If your budget is really only 1,000,000 AED - then you wont be looking at anything much more than a studio apartment - if you stick to popular areas.
Villas that are worth having and that are not off plan ( very risky here!) - start at around 5,000,000 AED.
Cheers
Steve


----------



## EmilyLouise1988 (Jul 24, 2013)

Stevesolar said:


> Hi louise,
> You really need to be looking at a smaller place in a popular area - rather than a bigger place in a less desirable place.
> Somewhere near to a current (or future) metro station will always be more popular if you want to sell or rent in the future.
> If your budget is really only 1,000,000 AED - then you wont be looking at anything much more than a studio apartment - if you stick to popular areas.
> ...


Hi Steve,

So would you say it is worth steering clear of the developing communities like JVC and JVT? You can get quite a large 1 bed apartment there for under 1mil atm. We thought there may be potential to make some gains there as the prices will inflate as the communities develop? this is riskier though i know....!


----------



## Mr Rossi (May 16, 2009)

Trouble with *investing* in property in Dubai is you really don't know what is around the corner. The potential tangents for something to go wrong are many. Discovery Gardens and even International City looked viable opportunities at one point. 

Unless you're Syrian, Egyptian, Libyan etc and looking to secure your savings or can afford to take a punt the risk/reward isn't there for you. Especially when you can pick up a 1 bed apartment in Zone 4 London, as a much securer nest egg. 
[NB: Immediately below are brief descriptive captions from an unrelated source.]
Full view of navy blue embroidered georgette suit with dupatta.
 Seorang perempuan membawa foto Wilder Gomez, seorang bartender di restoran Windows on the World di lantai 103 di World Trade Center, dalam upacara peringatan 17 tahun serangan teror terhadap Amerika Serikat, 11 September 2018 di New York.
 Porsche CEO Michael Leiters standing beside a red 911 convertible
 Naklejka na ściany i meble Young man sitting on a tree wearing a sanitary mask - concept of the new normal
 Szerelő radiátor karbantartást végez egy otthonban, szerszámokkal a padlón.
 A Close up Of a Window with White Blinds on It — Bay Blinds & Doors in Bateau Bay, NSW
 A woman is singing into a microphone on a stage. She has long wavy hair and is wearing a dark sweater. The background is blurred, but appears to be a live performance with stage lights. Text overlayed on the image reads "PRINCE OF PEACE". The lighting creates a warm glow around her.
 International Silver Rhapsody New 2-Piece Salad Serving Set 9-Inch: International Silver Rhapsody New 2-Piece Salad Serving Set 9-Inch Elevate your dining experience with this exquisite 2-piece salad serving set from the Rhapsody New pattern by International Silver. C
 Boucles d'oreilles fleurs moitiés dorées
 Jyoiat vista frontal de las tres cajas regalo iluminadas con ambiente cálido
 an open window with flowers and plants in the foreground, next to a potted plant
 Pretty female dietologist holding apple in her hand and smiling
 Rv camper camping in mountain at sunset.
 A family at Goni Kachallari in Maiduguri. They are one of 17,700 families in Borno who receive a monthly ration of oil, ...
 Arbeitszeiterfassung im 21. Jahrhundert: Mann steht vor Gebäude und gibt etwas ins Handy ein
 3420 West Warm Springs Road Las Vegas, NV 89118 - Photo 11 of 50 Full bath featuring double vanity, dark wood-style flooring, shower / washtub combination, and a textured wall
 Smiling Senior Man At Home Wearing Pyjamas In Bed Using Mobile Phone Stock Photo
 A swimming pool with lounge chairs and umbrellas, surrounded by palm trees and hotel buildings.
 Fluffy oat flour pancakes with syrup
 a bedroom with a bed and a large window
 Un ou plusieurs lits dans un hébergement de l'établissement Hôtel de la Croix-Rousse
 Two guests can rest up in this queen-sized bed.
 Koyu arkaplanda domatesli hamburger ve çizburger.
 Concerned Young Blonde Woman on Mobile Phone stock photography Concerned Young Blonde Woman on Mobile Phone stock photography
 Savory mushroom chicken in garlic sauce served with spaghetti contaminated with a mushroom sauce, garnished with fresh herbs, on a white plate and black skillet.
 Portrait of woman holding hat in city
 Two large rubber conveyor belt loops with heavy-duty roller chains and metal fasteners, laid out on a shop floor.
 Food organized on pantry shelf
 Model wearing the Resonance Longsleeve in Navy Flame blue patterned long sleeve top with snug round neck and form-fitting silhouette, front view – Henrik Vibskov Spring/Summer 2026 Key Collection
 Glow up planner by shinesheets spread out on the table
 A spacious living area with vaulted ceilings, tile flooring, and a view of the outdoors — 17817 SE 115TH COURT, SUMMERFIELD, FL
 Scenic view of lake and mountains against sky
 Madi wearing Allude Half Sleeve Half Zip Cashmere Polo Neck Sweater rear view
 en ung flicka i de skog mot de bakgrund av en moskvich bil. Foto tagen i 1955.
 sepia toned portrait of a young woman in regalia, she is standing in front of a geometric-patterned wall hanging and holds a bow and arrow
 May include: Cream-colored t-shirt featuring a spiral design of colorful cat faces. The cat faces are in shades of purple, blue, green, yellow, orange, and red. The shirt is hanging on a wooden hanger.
If you're looking to buy somewhere and live in it, then that's a different matter. If you plan on being here 15 years, for example, and are looking at offsetting the cost against future rent then it could be worthwhile. But then look at buying a home you actually want to live for that amount of time and if it's worthless by the end of it, you'll have still had value for money and saved on your personal expenditure.


----------



## sammylou (Oct 29, 2012)

keep in mind you could have up to 8% extra in fees/commissions to pay on top of the net purchase price.

i have responded extensively in other posts in the last couple months. just do a quick search and you'll find quite a bit of info.


----------



## TallyHo (Aug 21, 2011)

You've only been here for six months.

There are plenty of us who remember the last property market crash in 2008-2010 when prices dropped by more than half. Prices are almost up to where they were just prior to the crash, does it mean there will be another crash? Who knows. But the idea that prices will continue to rise till 2020 is ridiculous given that it'd mean no one would be able to afford to live in Dubai.

How long do you think you'll be in Dubai? I know many people who came here with a three year plan and ended up staying for ten years or longer. I also know many people who wanted to stay for the rest of their lives but had to leave, usually unexpectedly and quickly, in just a year or two. Expatdom is very unpredictable - redundancies, job opportunities elsewhere, or the sudden feeling that "you've had enough." A few relocation experts I've talked to say the typical expat duration is 3-5 years. Staff turnover in my company, which is a very established multinational with a great office environment and packages, is still pretty high compared to what it'd be in the West. 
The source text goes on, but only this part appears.